Hacker News new | ask | show | jobs
by userbinator 2664 days ago
Almost every instruction needs one and it bloats the size tremendously, to the extent that most x86-64 instructions are just about 4 bytes.

That's only if your code happens to be particularly "64-bit-heavy", or the compiler isn't doing a good job at selecting registers; the original designers (at AMD, not Intel) decided on the prefices (and defaulting to 32-bit for most ops) instead of defaulting all operations to 64-bit in 64-bit mode precisely because it would be better for size and performance --- using their carefully optimised compilers. Plus, what can be done with a single 4-byte instruction on x86 can require multiple 4-byte ARM instructions, and that adds up quickly.
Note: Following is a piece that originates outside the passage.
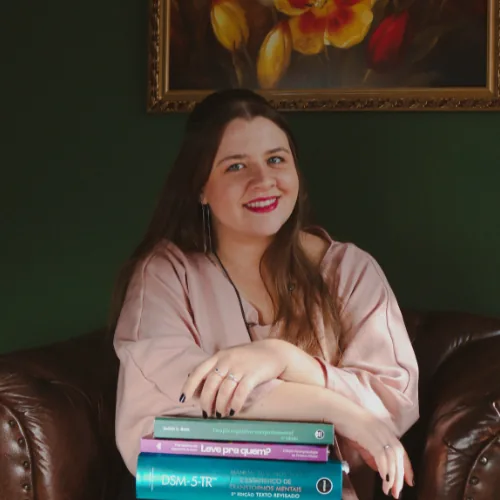 Gabriella Pankiv Kitzig, psicóloga, sentada em uma poltrona com livros de psicologia nas mãos, em um ambiente acolhedor com quadro floral ao fundo.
I can't find it at the moment but one of the studies I remember comparing the binary sizes was using GCC, which is widely available and free, but probably one of the worst compilers at x86 size optimisation I've seen. I even recall a remark in that study about how it was generating mostly RISC-like instructions, so in other words they were comparing binaries generated for a RISC CPU using a RISC-oriented compiler with ones generated for a CISC CPU using a RISC-oriented compiler, failing to exploit the full capabilities of a CISC.
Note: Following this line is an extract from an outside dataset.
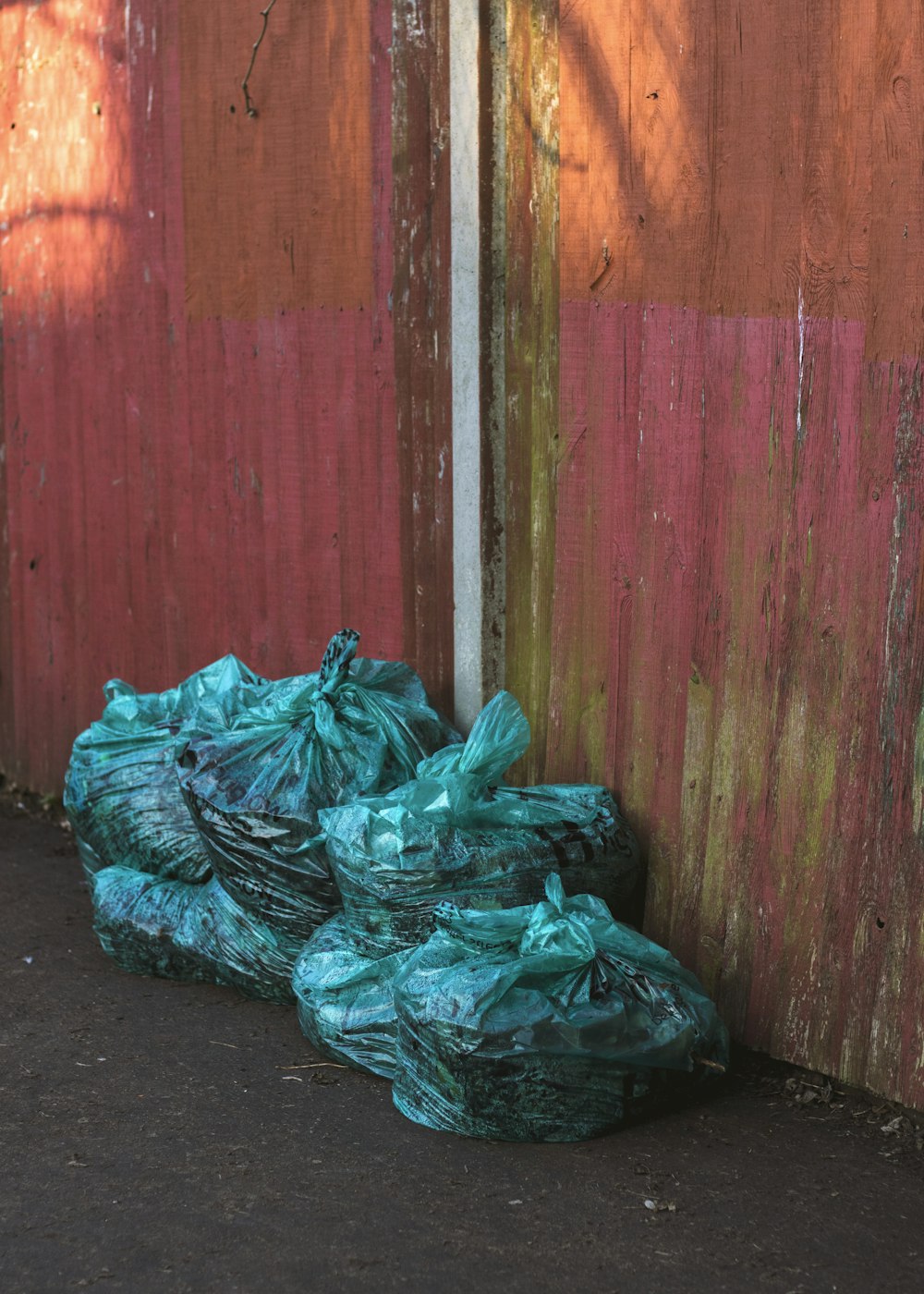 green plastic bags near wooden wall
I've written x86 Asm for several decades (started with 16-bit --- dating myself here...), and done some occasional MIPS and ARM, and it's very difficult for me to believe that the RISCs have any intrinsic advantage in code density other than the fact that compilers for x86 aren't that great at it; you can write a Fibonacci calculator for the latter in 5 bytes and pushes and pops are single-byte instructions, while on the former even a register-register move is 4 bytes.

2 comments

> That's only if your code happens to be particularly "64-bit-heavy", or the compiler isn't doing a good job at selecting registers

No, that's true for basically all code. 6 or 7 registers isn't enough for basically anything interesting, so you end up pretty much always hitting the high registers.

> Plus, what can be done with a single 4-byte instruction on x86 can require multiple 4-byte ARM instructions, and that adds up quickly.

The only real difference is that you have memory load addressing modes in x86, while for load-store architectures like AArch64 you don't. But:

* On x86-64 you have two-address instructions, not three-address instructions. This means that AArch64 "sub x9,x10,x11", or "49 01 0b cb", becomes x86-64 "mov r9,r10; sub r9,r11", or "4d 89 d1 4d 29 d9": 4 bytes vs. 6, thanks to the doubled REX prefix.

* On x86-64 immediates are very inefficiently encoded, while they tend to be compressed on RISCs to fit in the 32-bit instruction word. The end result is that AArch64 "sub x9,x10,#1234", or "49 49 13 d1" in 64-bit mode becomes x86-64 "lea r9,[r10-1234]", which is "4d 8d 8a 2e fb ff ff": 4 bytes vs. 7.

> I can't find it at the moment but one of the studies I remember comparing the binary sizes was using GCC, which is widely available and free, but probably one of the worst compilers at x86 size optimisation I've seen.

LLVM is doing pretty well at x86-64 size optimization: for example, it prefers to select lower registers to reduce size. As I recall, Dan Gohman told me the code size win was something on the order of 2%. It really doesn't make a big difference: AArch64 and x86-64 have about the same code size.

> you can write a Fibonacci calculator for the latter in 5 bytes

But real code, again, hits the high registers.

> pushes and pops are single-byte instructions

Pushes and pops aren't used by most compilers, except in function prologs and epilogs. This is actually an example of inefficiency in the design of x86-64. The opcode space shouldn't go to functions that are only used to set up and tear down functions.

> on the former even a register-register move is 4 bytes

"mov r11,r12" is 3 bytes on x86-64. Not a big difference…

I even recall a remark in that study about how it was generating mostly RISC-like instructions,

There is a very good reason for GCC's x86 backend to do this. Intel/AMD optimisation manuals provide a subset of x86 instructions that are worth using. Instructions that are actually fast in modern designs, that don't fall back to legacy microcode.

This subset looks very RISC-like.

Sure, x86 has CISC instructions that sometimes allow very dense code, but if you want your code to actually run fast you need to do it the RISC way.